In this blogpost, I explain the common pitfalls to prevent future challenges that can be time-consuming to identify and fix.
Background
Before we dive into the topic of this blog post, I would like to start with a bit of background. We all know that Power BI is not only a reporting tool. It is indeed a data platform supporting various aspects of business intelligence, data engineering, and data science. There are two languages we must learn to be able to work with Power BI: Power Query (M) and DAX. The purpose of the two languages is quite different. We use Power Query for data transformation and data preparation, while DAX is used for data analysis in the Tabular data model. Here is the point, the two languages in Power BI have different data types.

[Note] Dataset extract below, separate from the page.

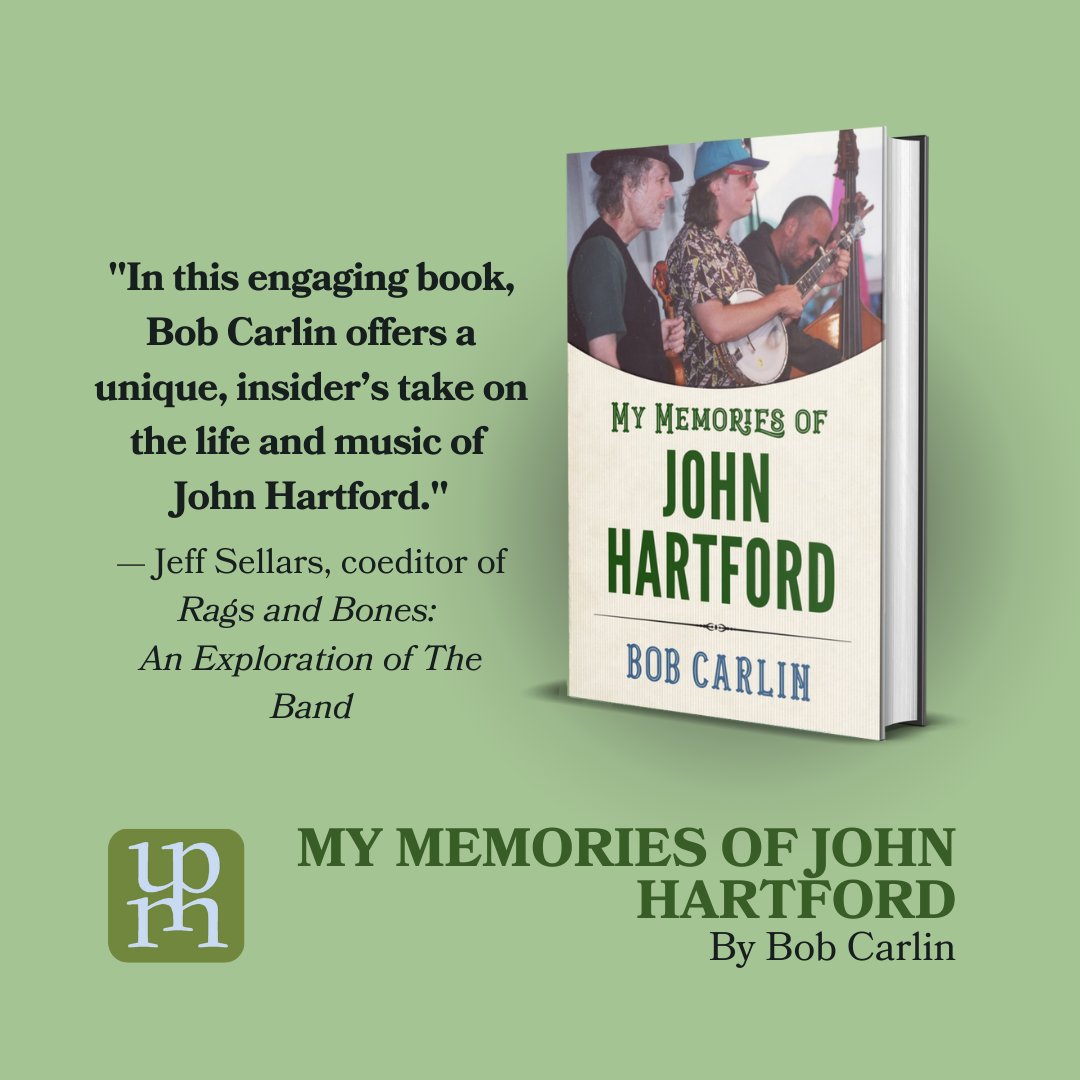 NewRelease: MY MEMORIES OF JOHN HARTFORD by Bob Carlin is a touching tribute to life on the road and in the studio with the inventor of newgrass music. #ReadUP upress.state.ms.us/Books/M/My-Mem…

The most common Power BI development scenarios start with connecting to the data source(s). Power BI supports hundreds of data sources. Most data source connections happen in Power Query (the data preparation layer in a Power BI solution) unless we connect live to a semantic layer such as an SSAS instance or a Power BI dataset. Many supported data sources have their own data types, and some don’t. For instance, SQL Server has its own data types, but CSV doesn’t. When the data source has data types, the mashup engine tries to identify data types to the closest data type available in Power Query. Even though the source system has data types, the data types might not be compatible with Power Query data types. For the data sources that do not support data types, the matchup engine tries to detect the data types based on the sample data loaded into the data preview pane in the Power Query Editor window. But, there is no guarantee that the detected data types are correct. So, it is best practice to validate the detected data types anyway.
Power BI uses the Tabular model data types when it loads the data into the data model. The data types in the data model may or may not be compatible with the data types defined in Power Query. For instance, Power Query has a Binary data type, but the Tabular model does not.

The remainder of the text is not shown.